You are required to reference {file_name_list} for every single question that you generate!
Usage:
- {file_content}: Combined content of the source files.
- {instruction}: The question instruction text.
- {generate_question}: The specific generate question instruction from the Generate Question List.
- {file_name_list} is the list of file names that you can use to instruct the LLM to use when generating questions.
Note: Changing the output format may impact how well the conversion script works.
The file_groups section organizes the files into groups that will each be processed independently.

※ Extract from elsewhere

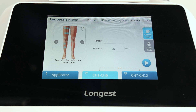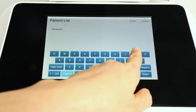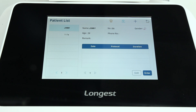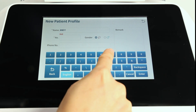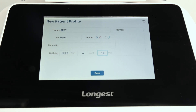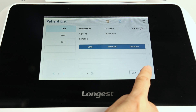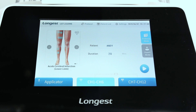First, bind the client profile. On the main page, click the client list button and enter the password to visit the client list. In the client list interface, you can add a new client profile. Click enter to bind it to the treatment. There are two channel groups for electrode pad treatment — choose the right channel group according to the electrodes you attach to the patient.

Each file group defines:
- iterations: How many times the group should be processed (each iteration may generate a new set of Q&A outputs).
- files: List of files that you want to use for the LLM context.
- question_prompt: Which question prompt template to use (e.g., NoFileName or WithFileName).
- generate_question_list: Which question generation seed list(s) to use.
- question_instruction_list: Which instruction list to apply when generating questions.
- file_header: Which file header template to use.
- answer_prompt: Which answer prompt template to use.
- answer_instruction_list: Which answer instruction list to apply when generating answers.
Example configuration for three groups:
file_groups:
UninstallModel:
iterations: 3
files:
- uninstall_model.ps1
question_prompt: WithFileName
generate_question_list: [CodingList]
question_instruction_list: [CasualandFormal]
file_header: DefaultFileHeader
answer_prompt: DefaultAnswerPrompt
answer_instruction_list: [SimpleAndComplex]
README:
iterations: 3
files:
- README.md
question_prompt: NoFileName
generate_question_list: [DocumentList]
question_instruction_list: [CasualandFormal]
file_header: DefaultFileHeader
answer_prompt: DefaultAnswerPrompt
answer_instruction_list: [SimpleAndComplex]
DeleteModel:
iterations: 3
files:
- delete_model.ps1
question_prompt: WithFileName
generate_question_list: [CodingList]
question_instruction_list: [CasualandFormal]
file_header: DefaultFileHeader
answer_prompt: DefaultAnswerPrompt
answer_instruction_list: [SimpleAndComplex]
See generate_qa_config.yaml for a full config example.
If you run into issues, you can look at the debug folder inside kolo_container at /var/kolo_data/qa_generation_output using WinSCP. The debug text files will show you exactly what is being sent to the LLM during generation.